Richard Crume uses one hotel in the US as an example for his renewable energy students to study. The hotel has achieved a 40 percent reduction in energy costs compared with other hotels of the same size, uses 30 percent less water, and has recovered 100 percent of its energy efficiency investment costs in less than two years.
Many of us in the renewable energy business began our careers elsewhere – as architects, builders, engineers, researchers, and investors who recognized opportunities for growth in the renewable energy field and wanted to get in on the ground floor. Others began as entrepreneurs, tinkering in their basements or garages on Sunday afternoons. Our education was on-the-job, not in the classroom. But now that the field is more firmly established, formal education in renewable energy is sorely needed.

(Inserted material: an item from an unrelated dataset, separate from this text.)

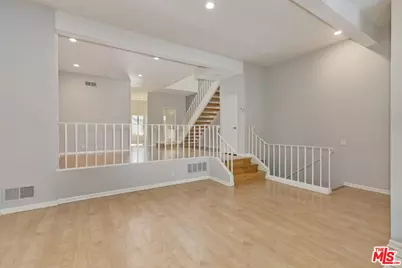 1560 Michael Ln, Pacific Palisades, CA 90272 - Photo 7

Colleges and universities are beginning to meet this challenge by incorporating renewable energy coursework into their curricula and degree programs, and several MBA schools have even developed a renewable energy specialization. There are also many related programs at community colleges and trade schools, including courses covering green building design and photovoltaic panel installation.
Businesses are getting involved too, by sponsoring student internships and by sharing their expertise with local educational institutions. As a professor at a major US research university, my students and I recently had the opportunity to visit one such business, the Proximity Hotel in Greensboro, North Carolina.
The Proximity is possibly the greenest hotel in the US, if not the world. It was the first US hotel to earn the Leadership in Energy and Environmental Design organization’s highest Platinum rating, and its accomplishments are impressive: a 40 percent reduction in energy costs compared with other hotels of the same size, 30 percent less water use, and 100 percent recovery of its energy efficiency investment costs in less than two years. (In just the first year, the 7,000 USD spent on water saving products during construction was more than offset by a 13,000 USD reduction in water utility costs.)
Convinced that a green hotel could be both comfortable and profitable, the developers included a wide range of innovative design features and state-of-the-art technologies. (See a detailed list by clicking here.) Impressed by the hotel’s accomplishments, President Obama selected the Proximity as his home base during a recent visit to central North Carolina.
The technology in use at the hotel is impressive, but there were other, more important, lessons for my students. Perhaps the most important lesson was that running a green business isn’t just about protecting the environment and preserving our natural resources; being green also makes good business sense. In this regard, the hotel is a huge success, with a steady stream of guests, weddings, business meetings, and other events.
Another important lesson for my students was that green, energy-efficient buildings can also be eminently comfortable, thanks to their big windows, natural lighting, and fresh air. Also, many clients feel good about frequenting a business that puts a premium on environmental stewardship.
Students at North Carolina A&T State University
Businesses like the Proximity have been reaching out to their communities, helping educate students and the public about renewable energy and green buildings. The visionaries who conceived of the Proximity’s business model got it just right – green is not only good for the environment, it’s good business too!